Saturday, May 24, 2008


In the newest issue of Scientific American, there's an article on the molecular biology of trust. Research on trust seems to show that people are much more trustworthy when you trust them than they are when you don't trust them. When people think they are trusted, they produce oxytocin, which makes them feel warm toward the trusting person, and want to reward them by being trustworthy. In other words, if you do unto others as you would have them do unto you, they will reciprocate.
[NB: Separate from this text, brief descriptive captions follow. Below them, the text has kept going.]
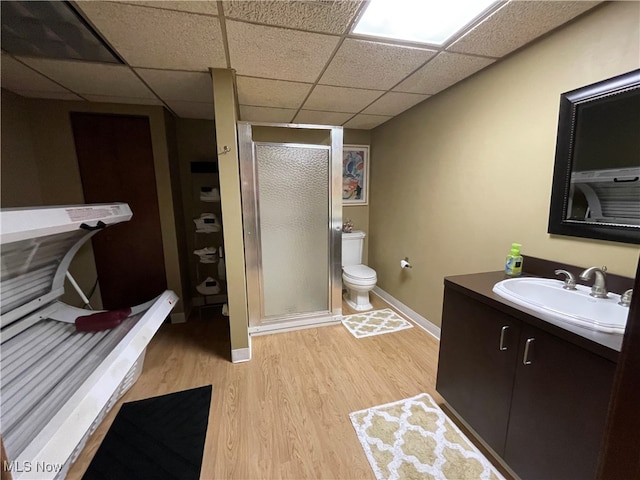 bathroom with walk in shower, vanity, hardwood / wood-style floors, toilet, and a drop ceiling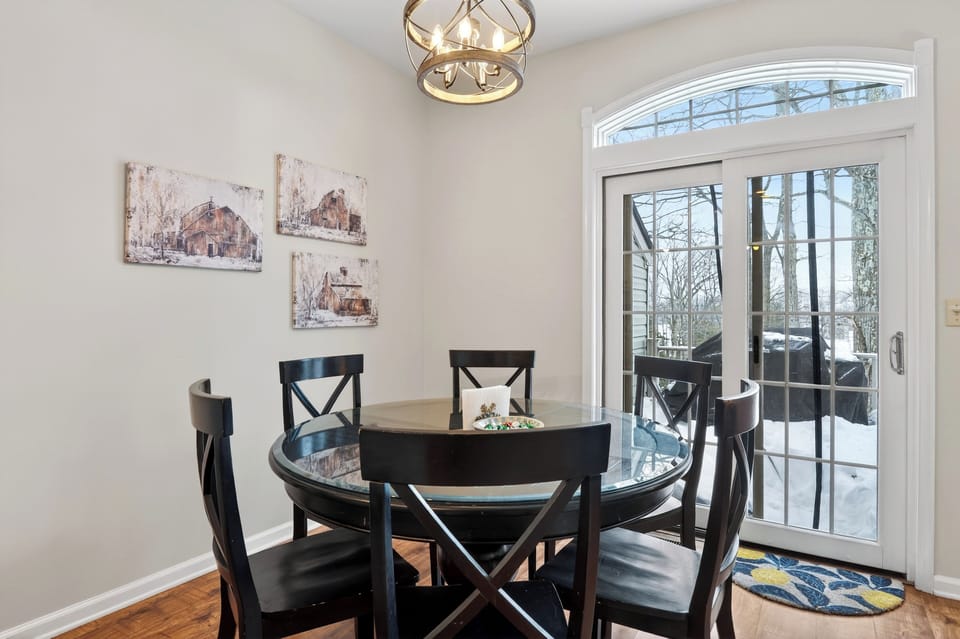 Elegant circular dining table with seating for six near the patio doors.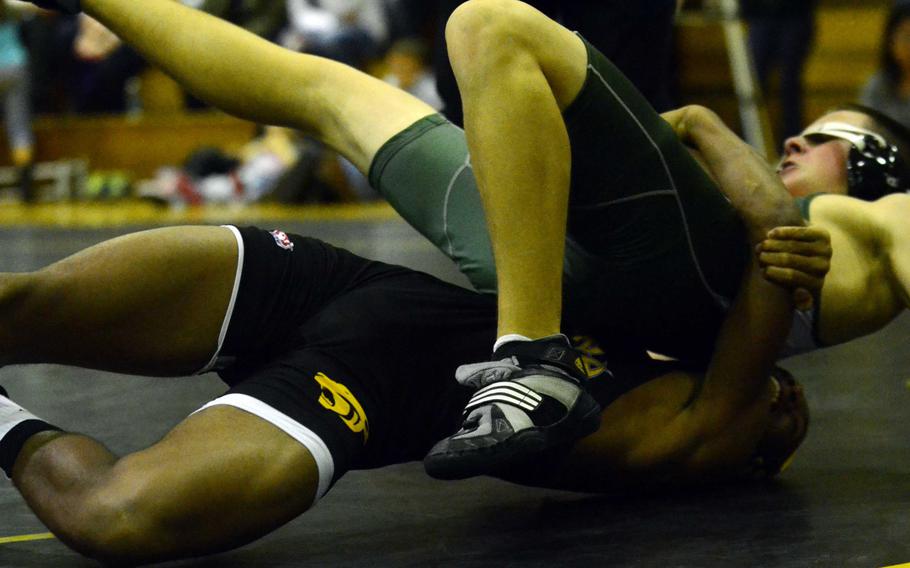 Kadena's Jason Bland tilts Kubasaki's Christian Rutledge for two points in the 129-pound bout during Wednesday's Okinawa Athletics and Activities Council high school wrestling meet at Kadena Air Base, Okinawa. Bland won by technical fall 8-0 in 2:03, but Kubasaki won the dual meet 42-16.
What this means is that one can get into a vicious circle, for if you have someone who does not trust people, they will typically not find themselves disappointed in that belief. A person who does not trust people creates untrustworthiness in others. If you expect people to screw you over, they will.

On the other hand, you can stop this vicious circle by trusting. These studies show that people are much more likely to act in a trustworthy manner if you show them that you trust them. Sure, you will sometimes be disappointed and have someone cheat you, but you will be cheated far less if you trust people than if you don't trust people.

Trust is important in another way. Studies also show that countries with citizens who show more trust toward others are generally wealthier than those countries where the citizens show little trust toward one another. It seems to me too that one way of breaking out of the vicious circle of racism is to show trust toward those who hate you. By doing so, you will trigger oxytocin production, and they will feel warmer toward you. Having feelings of distrust toward those who may be oppressive toward you perhaps only makes matters worse. It seems that, indeed, we should love our enemies.